A move that Di Giuseppe has seemingly added to his arsenal this season is the ability to carry pucks into the offensive zone and push them into the dangerous areas, blowing by defenders to set up scoring chances.
“It’s something I tried working on this year,” said Di Giuseppe. “Instead of chipping it in and going after it, I’m carrying it in and making plays.”
Di Giuseppe, whose 18 points in 32 games gives him a better scoring clip than his 30-point rookie year, entered the pros with a plethora of talent, but has put in the work over the last three seasons to consistently be one of the most dominant players on the ice at all times.
“It’s unbelievable watching skill guys like that, the way they can see the ice and see the puck and see what’s coming at them,” said Fee. “It’s amazing the hard work he puts in on that skill.”
As he’s shown multiple times this season, switching into his top gear makes Di Giuseppe a frustratingly tough player to deal with for opponents.
“Everyone respects his skill and speed and when you do that as a defenseman you’re backing away instead of challenging him,” said head coach Ulf Samuelsson. “I think he’s an intimidating player to play against, especially when he’s skating full speed, that’s when he’s at his best. Full speed, whether it’s on the forecheck or with the puck.”
While Di Giuseppe has been impressive night in and night out, his production has taken a bit of a dip as of late, with his goal Friday against Stockton standing as his only point in the last eight games. While that dry spell stands out on paper, there’s little worry that the forward won’t be able to shake it.
“Every goal scorer goes through a slow spot or a drought, if you will,” said Fee. “What will get him through it will be going to the net.”
The key causes of Di Giuseppe’s drought appear to be issues that the coaching staff have been trying to address to the team as a whole.

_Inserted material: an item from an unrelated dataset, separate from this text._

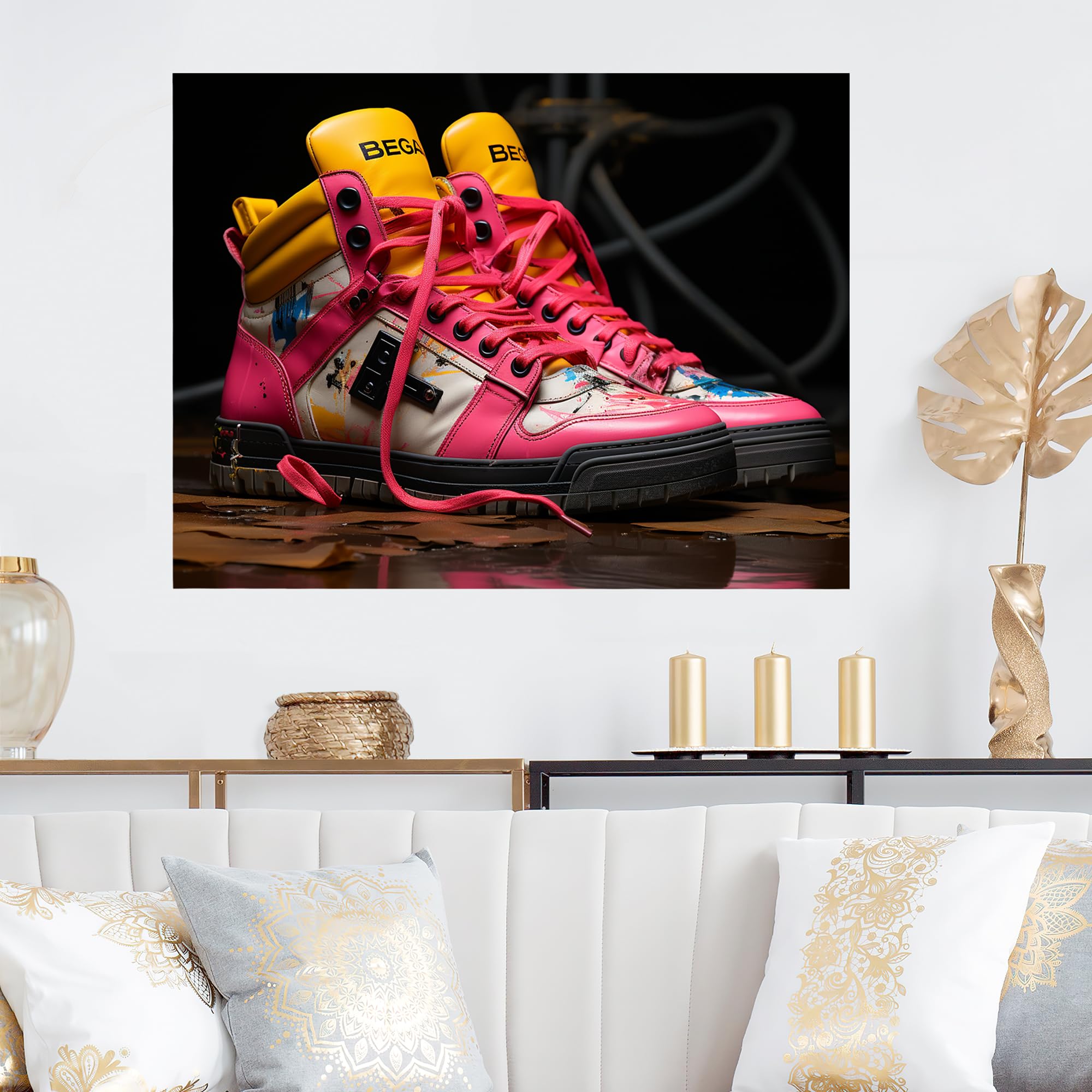 Amazon.com: DesignQ Urban Edge with Pink Sneakers Balenciaga Metal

“We talk about the 70 percent area – that’s where 70 percent of goals are scored from,” said Samuelsson referring to an area around the net. “If you’re inside there you almost have to try to shoot.”

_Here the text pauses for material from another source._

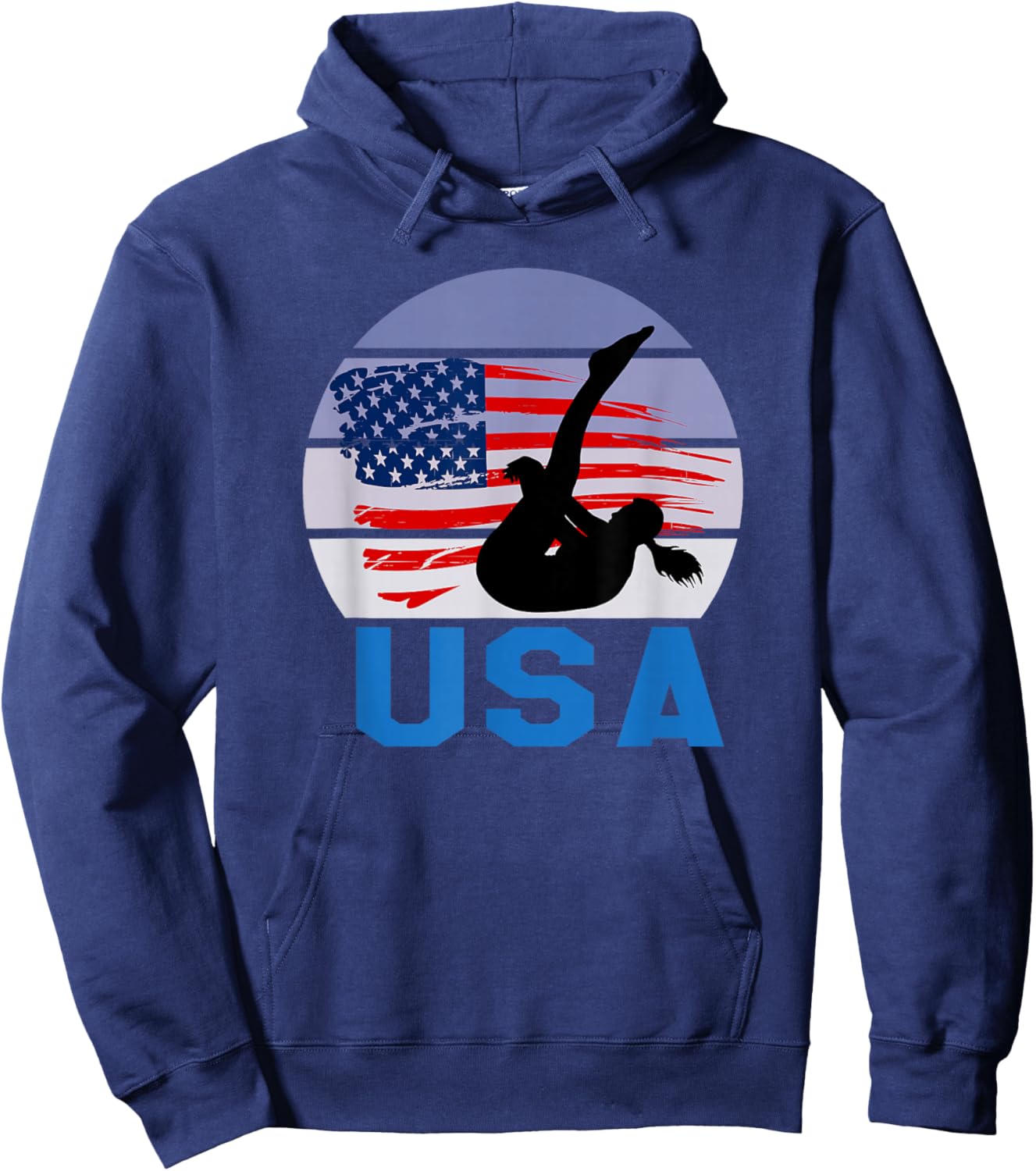 USA American Flag Diving Sports Female Swimming Game Hoodie - Hoodie | Navy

“I’ve been going over it with coach and I think part of it is that some of my shots are from outside that good scoring opportunity zone,” said Di Giuseppe. “I need to get inside that and that’s something I’ve been trying to work on. I think I have over 100 shots but only nine goals right now, so I’m shooting under 10 percent.”
With the line combinations starting to solidify down the stretch, Di Giuseppe has found himself settled in with Wallmark and Valentin Zykov. That group has performed extremely well all season long and will likely be the source of Di Giuseppe returning to his scoring ways.
“Ulf had me analyze his plus/minus on his chances and he’s actually fed off of Zykov a lot,” said Fee. “It’s amazing how that whole line has produced as a group. They’ve been playing extremely well together.”
Given the immense talent he possesses, it won’t be long before Di Giuseppe is back lighting the lamp on a consistent basis.
“Individually, you just find a dry spot, but he’ll get I back,” said Fee. “He’s working on it every day. He’s come and asked me for a few things and I’m more than happy to work with him, as are Ulf and Peter as well.”
Having that network of hockey minds at his disposal is a beneficial resource for the young forward, and one that he doesn’t take for granted.
“I’ve been talking to Myles and Ulf a lot lately,” said Di Giuseppe. “Myles is very passionate and he’s always cutting video and watching it so he’s been a lot of help. And then Ulf has been going over video with me as well. Obviously it’s frustrating when you’re not scoring, but there’s definitely a lot of help when you have someone showing you where you need to get better and where you have to get to in order to get those better chances.”